In the data below, locate the line containing "RST Motorradjacke Lumberjack Hemd Rot" and the line containing "SUPPORT TÉLÉPHONE MOTO/VÉLO", then retype both and everything between them exactly. Pictures are not part of the copy.

STORED DATA START

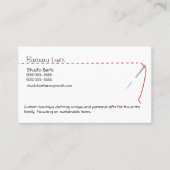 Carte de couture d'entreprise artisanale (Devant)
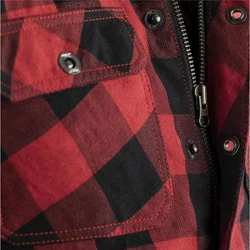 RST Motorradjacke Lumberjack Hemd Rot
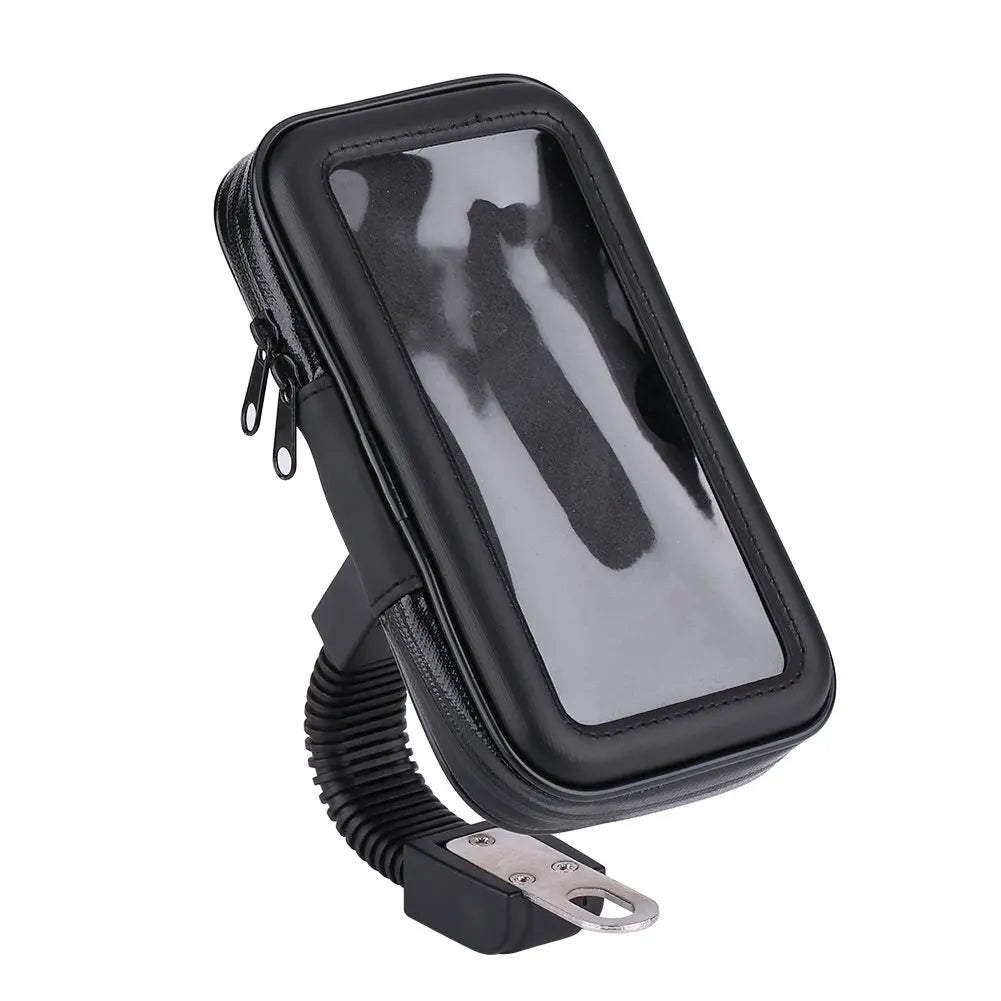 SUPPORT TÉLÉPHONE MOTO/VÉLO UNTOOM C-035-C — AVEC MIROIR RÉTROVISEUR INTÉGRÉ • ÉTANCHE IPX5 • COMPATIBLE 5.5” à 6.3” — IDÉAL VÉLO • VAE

STORED DATA END
STORED DATA START

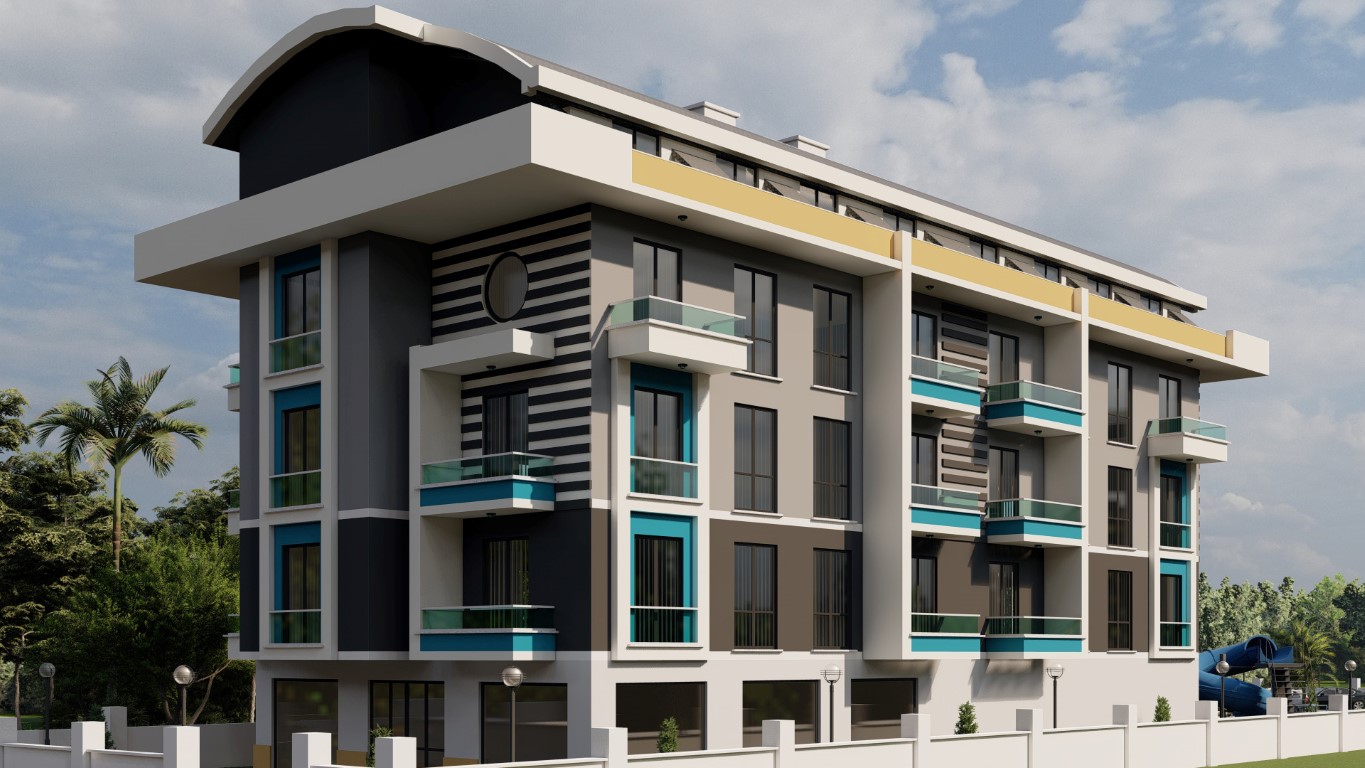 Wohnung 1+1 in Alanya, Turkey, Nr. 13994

STORED DATA END

[TASK RESPONSE]
 RST Motorradjacke Lumberjack Hemd Rot
 SUPPORT TÉLÉPHONE MOTO/VÉLO UNTOOM C-035-C — AVEC MIROIR RÉTROVISEUR INTÉGRÉ • ÉTANCHE IPX5 • COMPATIBLE 5.5” à 6.3” — IDÉAL VÉLO • VAE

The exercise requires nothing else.